Thank you very much. What procedure do you follow after shaving? (That is, how do you take care of your razor)
 
I just strop and dry my razor before putting it in a drawer. I live in a low humidity climate. The only time I oil razors is if I am posting them overseas and I know they will be in transit through abrupt changes in temperature (which could result in condensation).
 
Post shave I will

1. Rinse blade under running water and towel dry 2x
2. Dry blade and between scales with toilet paper
3. Strop on linen (6)
4. Strop on leather (60)
5. Oil with Balistol spreading with fingers
7. Wipe off excess oil with soft cotton rag
8. Store on a shelf outside the bathroom

Pre-shave
1. Wipe oil off razor
2. Shave

This routine prevents contaminating the strop with oil. The lather removes any trace oil with shaving. Balistol is also good for keeping horn and wood razor scales in good condition.
 
Keep hands (towel close by), scales, tang, pivot and tail absolutely dry during shave.
While shaving, I rinse the blade under a very thin stream of very hot water and avoid any splashing. I don't wipe the blade with anything.

Immediately post-shave:
Give blade careful final rinse.
Dry blade, avoiding edge, with clean, dry, light towel.
'Strop' edge on the towel (hanging over my forearm) once on each side.
Strop edge (just a few laps) on clean cloth and leather components of my strop.
Rub off any finger marks on tang and tail with the towel or a cleaning cloth.
Close razor using cloth or towel to avoid finger marks.
Store in a silicone sleeve from The Superior Shave, out of the bathroom, away from humidity.

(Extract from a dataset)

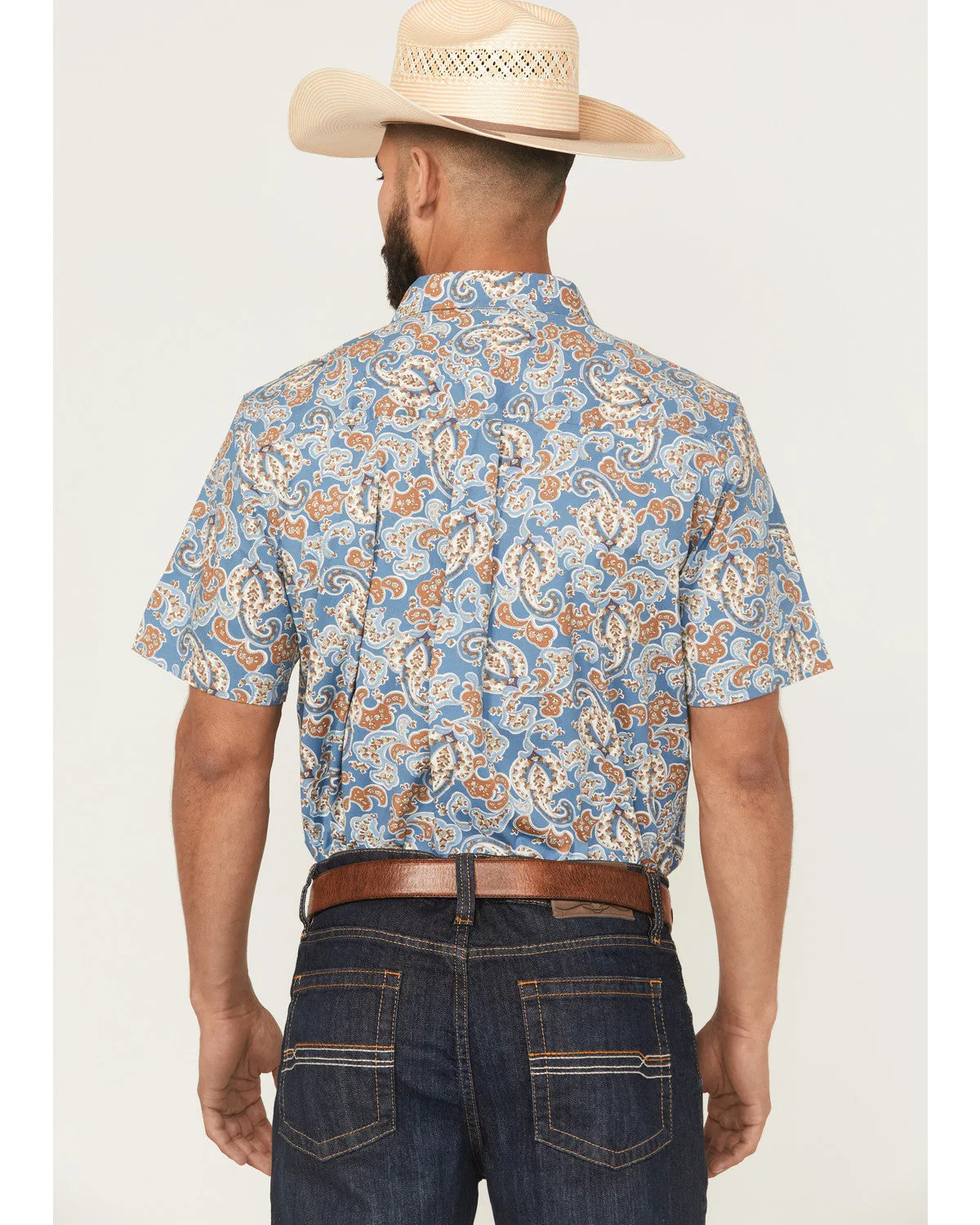 Cody James Men's Boise Paisley Print Short Sleeve Button-Down Stretch Western Shirt sold by Cody James product image thumbnail 4
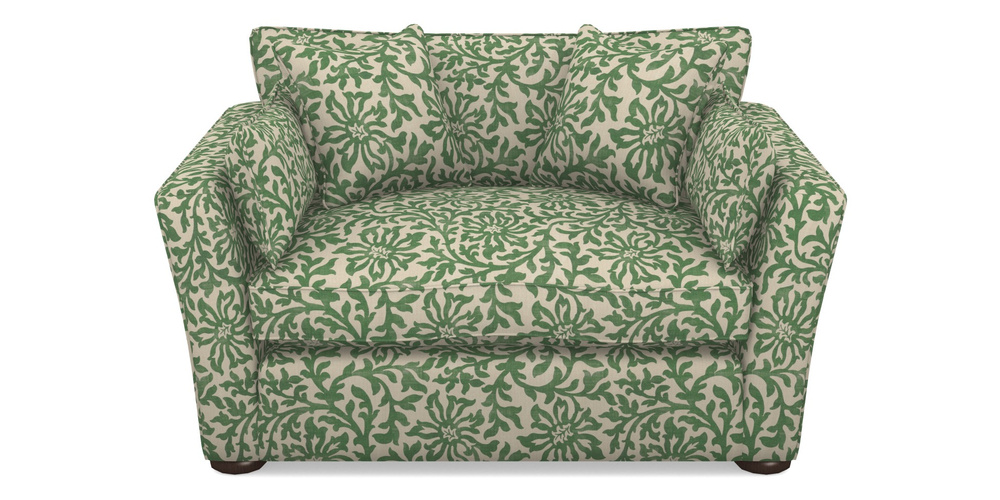 Product photograph of Aldeburgh Snuggler In V A Brompton Collection - Floral Scroll - Basil from Sofas and Stuff Limited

I have camellia oil, Ballistol, light machine oil, mineral oil, vaseline and Renaissance Wax. With the storage sleeves, I no longer use any of that on an SR unless I'm shipping it.
 
A few comments here. White petroleum is also known as Vaseline, and mineral oil is also known as Vaseline oil. Not all oils will work long term with steel, particularly vegetable oils, which risk to turn rancid. Camellia oil is a vegetable oil; so it is only recommended for light-duty, short-term protection with steel, rather than extended long-term protection, which calls for a petroleum-based oil, if oil is to be used. Of the petroleum-based oils, I believe only USP mineral oil is food-safe. For stones, Norton makes a lighter, food-safe mineral oil blend, but otherwise, I have heard that it is better to avoid using vegetable oils when honing, again due to the risk of their turning rancid.
I agree with this completely.

I'm in a fairly humid environment, and a light film of petroleum jelly has never let me down. And, while shaving, I'm careful to keep the pivot area dry. I tried camelia oil and was very dissatisfied. I suppose it would be OK if the razor was used frequently, but with a lot of straights, it would harden on the blade and become difficult to remove.

Honestly, the best protection I've found is the "vapor paper.."

Edit...

OMG... now I see how old this thread is...:eek2:
 
I agree with this completely.

I'm in a fairly humid environment, and a light film of petroleum jelly has never let me down. And, while shaving, I'm careful to keep the pivot area dry. I tried camelia oil and was very dissatisfied. I suppose it would be OK if the razor was used frequently, but with a lot of straights, it would harden on the blade and become difficult to remove.

Honestly, the best protection I've found is the "vapor paper.."

Edit...

OMG... now I see how old this thread is...:eek2:

Yes, it is an old thread. Over the years since then I've moved to a solution involving 4 parts alcohol and 1 part mineral oil. After shaving and stropping, the blade is left out to dry. Then the solution is given a stir to blend it, and the blade is briefly dipped in, avoiding the scales. Laid on its spine for about 10-15 minutes for the alcohol to evaporate, leaving a thin trace of mineral oil, the blade is then folded up and put away for the next shaving session, for six months, or two years.

Apart from thinning the mineral oil, an added benefit of the alcohol is that it acts as a solvent, removing any trace of soap scum on the blade.